What the exercise asks:
Retype exactly the span of lines below from the one with "Papanovata House 3* Enina" through the one with "5 soveværelse Finca/Landehus". Do not include pictures.

Data for this task:
· · · · · · ·

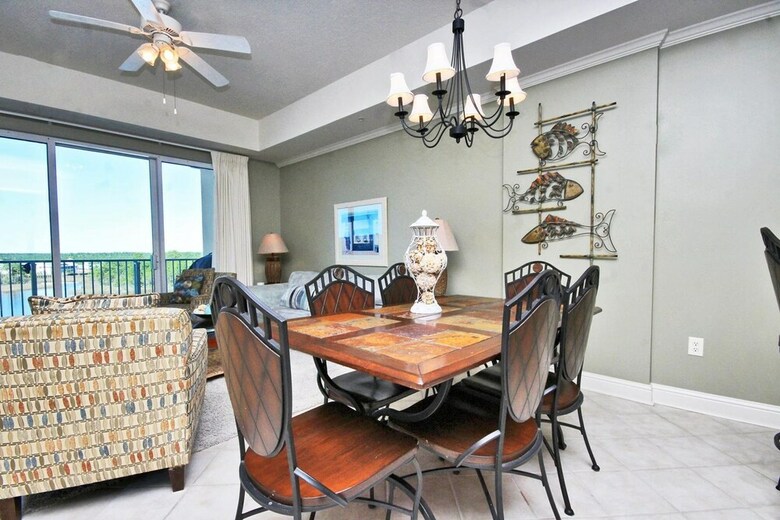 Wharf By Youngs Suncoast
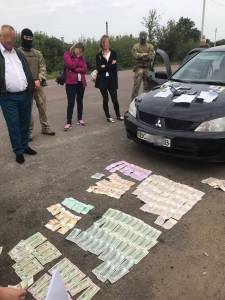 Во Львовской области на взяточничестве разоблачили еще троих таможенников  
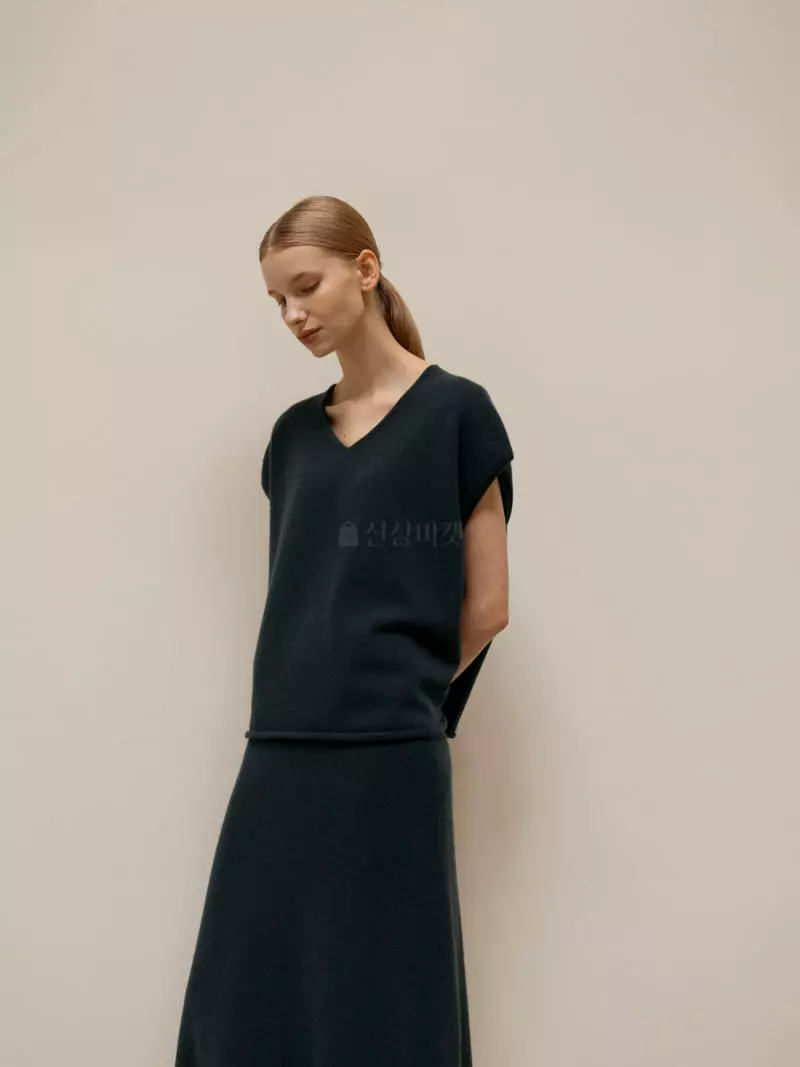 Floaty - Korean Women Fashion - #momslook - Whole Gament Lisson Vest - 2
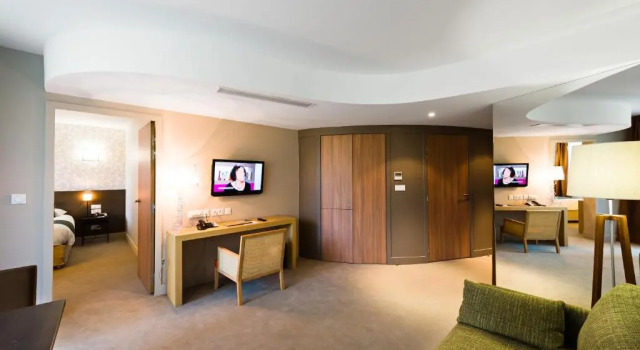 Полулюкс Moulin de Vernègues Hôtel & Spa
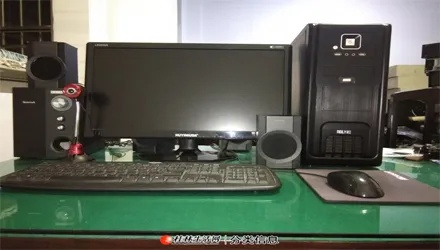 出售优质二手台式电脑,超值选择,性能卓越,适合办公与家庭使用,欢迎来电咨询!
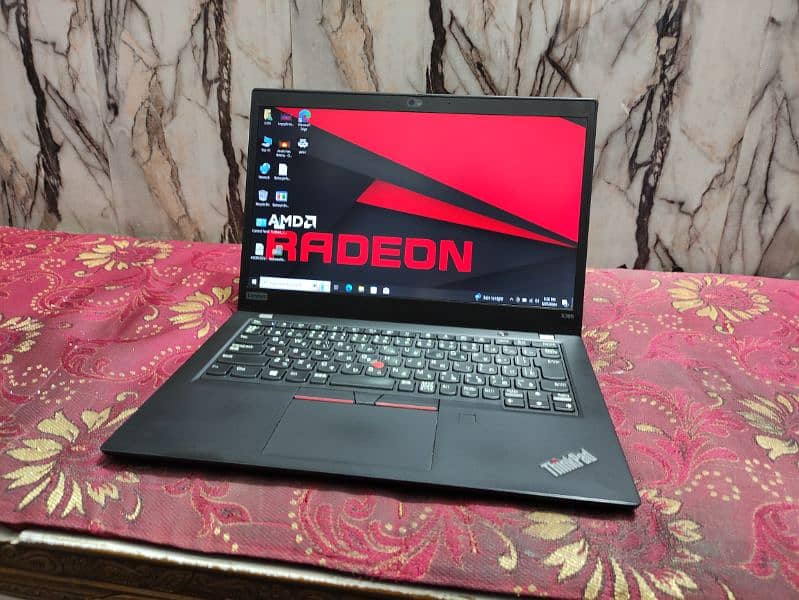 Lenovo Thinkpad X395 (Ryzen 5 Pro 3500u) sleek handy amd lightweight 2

· · · · · · ·

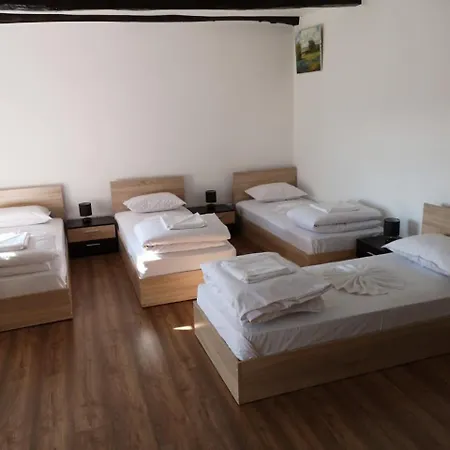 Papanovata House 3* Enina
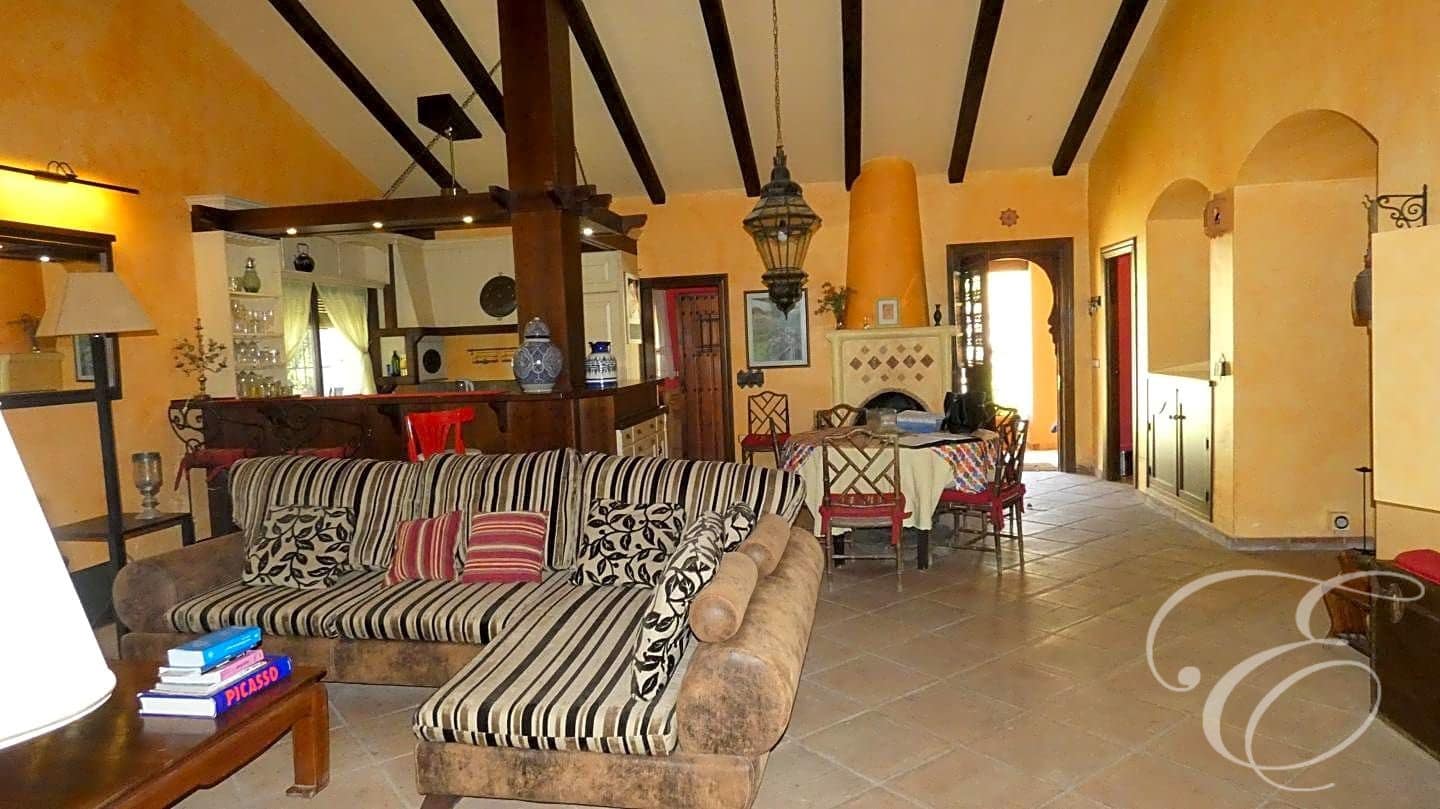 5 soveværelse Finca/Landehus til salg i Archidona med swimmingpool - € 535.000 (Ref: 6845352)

· · · · · · ·

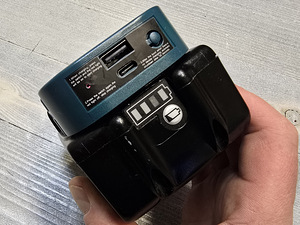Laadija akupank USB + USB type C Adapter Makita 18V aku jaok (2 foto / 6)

· · · · · · ·

Result of the task:
 Papanovata House 3* Enina
 5 soveværelse Finca/Landehus til salg i Archidona med swimmingpool - € 535.000 (Ref: 6845352)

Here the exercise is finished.